### Provided information ###

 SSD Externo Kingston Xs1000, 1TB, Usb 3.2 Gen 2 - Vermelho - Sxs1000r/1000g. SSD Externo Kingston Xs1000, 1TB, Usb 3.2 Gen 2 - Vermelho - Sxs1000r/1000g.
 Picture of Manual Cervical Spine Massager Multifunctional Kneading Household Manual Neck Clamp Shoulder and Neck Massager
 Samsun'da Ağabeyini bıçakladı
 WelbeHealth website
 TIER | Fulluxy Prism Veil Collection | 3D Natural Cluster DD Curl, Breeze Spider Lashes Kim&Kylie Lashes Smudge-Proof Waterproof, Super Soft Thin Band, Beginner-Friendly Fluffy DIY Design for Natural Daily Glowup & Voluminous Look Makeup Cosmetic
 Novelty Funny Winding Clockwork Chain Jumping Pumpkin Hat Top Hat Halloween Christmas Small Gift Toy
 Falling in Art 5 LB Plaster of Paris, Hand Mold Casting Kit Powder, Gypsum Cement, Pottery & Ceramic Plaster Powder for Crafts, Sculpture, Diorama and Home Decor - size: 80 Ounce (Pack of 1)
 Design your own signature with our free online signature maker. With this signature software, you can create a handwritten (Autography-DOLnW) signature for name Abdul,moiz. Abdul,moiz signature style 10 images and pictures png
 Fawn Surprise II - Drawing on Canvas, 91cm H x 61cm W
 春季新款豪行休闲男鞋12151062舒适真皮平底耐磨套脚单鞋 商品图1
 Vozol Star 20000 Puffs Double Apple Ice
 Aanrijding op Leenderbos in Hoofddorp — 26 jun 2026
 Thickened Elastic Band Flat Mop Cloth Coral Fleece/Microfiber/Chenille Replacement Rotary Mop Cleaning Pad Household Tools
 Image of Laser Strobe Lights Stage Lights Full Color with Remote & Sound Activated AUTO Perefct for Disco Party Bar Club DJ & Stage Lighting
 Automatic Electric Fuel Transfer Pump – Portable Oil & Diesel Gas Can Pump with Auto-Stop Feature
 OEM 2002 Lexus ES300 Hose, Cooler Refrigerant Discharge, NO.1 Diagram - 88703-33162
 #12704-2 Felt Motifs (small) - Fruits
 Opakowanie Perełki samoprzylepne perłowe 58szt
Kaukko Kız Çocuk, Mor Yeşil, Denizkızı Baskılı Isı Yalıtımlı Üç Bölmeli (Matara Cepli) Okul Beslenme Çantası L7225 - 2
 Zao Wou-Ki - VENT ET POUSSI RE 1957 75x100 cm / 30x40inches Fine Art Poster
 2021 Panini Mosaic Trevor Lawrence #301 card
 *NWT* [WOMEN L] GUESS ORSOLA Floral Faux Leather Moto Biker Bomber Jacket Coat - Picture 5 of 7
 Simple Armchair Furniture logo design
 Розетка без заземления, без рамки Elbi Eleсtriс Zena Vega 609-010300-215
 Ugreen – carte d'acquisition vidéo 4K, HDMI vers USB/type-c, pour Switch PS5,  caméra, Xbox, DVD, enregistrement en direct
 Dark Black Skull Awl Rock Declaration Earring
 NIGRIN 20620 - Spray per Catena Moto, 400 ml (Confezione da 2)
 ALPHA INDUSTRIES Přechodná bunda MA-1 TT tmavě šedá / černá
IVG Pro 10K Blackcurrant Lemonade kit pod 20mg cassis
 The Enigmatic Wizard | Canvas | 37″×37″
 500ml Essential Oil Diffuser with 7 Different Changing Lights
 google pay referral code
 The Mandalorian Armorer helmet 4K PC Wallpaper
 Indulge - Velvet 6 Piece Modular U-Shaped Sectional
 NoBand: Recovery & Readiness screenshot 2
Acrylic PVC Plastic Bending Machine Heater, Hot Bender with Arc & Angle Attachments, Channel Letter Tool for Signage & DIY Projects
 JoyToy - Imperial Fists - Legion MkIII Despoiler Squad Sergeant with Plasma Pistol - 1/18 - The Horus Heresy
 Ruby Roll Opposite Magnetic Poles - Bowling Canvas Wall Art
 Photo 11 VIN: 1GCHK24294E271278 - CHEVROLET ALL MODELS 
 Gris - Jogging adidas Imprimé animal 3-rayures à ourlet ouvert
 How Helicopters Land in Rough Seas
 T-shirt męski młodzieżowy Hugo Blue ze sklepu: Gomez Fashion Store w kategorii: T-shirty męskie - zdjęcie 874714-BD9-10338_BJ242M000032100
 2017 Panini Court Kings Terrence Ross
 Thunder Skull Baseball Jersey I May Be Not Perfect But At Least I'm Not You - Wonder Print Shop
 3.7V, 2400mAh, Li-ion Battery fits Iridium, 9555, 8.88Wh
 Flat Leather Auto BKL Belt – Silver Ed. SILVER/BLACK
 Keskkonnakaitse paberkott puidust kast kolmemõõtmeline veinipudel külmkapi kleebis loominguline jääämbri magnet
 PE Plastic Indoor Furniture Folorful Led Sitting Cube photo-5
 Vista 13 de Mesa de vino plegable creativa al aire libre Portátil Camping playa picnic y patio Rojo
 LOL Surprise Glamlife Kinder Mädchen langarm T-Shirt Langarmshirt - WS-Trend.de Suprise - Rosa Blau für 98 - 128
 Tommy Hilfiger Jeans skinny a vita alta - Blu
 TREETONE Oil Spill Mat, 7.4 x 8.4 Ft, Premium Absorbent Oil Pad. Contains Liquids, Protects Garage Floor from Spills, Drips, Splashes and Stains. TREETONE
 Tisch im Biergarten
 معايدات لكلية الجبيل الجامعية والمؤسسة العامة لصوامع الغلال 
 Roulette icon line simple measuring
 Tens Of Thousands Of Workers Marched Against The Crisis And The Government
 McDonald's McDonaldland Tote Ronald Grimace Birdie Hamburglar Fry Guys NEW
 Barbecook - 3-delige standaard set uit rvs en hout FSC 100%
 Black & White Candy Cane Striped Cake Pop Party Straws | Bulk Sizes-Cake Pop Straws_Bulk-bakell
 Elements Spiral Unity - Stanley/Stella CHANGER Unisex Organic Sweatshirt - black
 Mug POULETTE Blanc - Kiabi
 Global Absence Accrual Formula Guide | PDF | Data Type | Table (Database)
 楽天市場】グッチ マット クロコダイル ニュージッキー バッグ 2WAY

###

_Problem requirements_:
Starting from the records above, filter out all lines except those containing the word "Canvas".

_Exercise result_:
 Fawn Surprise II - Drawing on Canvas, 91cm H x 61cm W
 The Enigmatic Wizard | Canvas | 37″×37″
 Ruby Roll Opposite Magnetic Poles - Bowling Canvas Wall Art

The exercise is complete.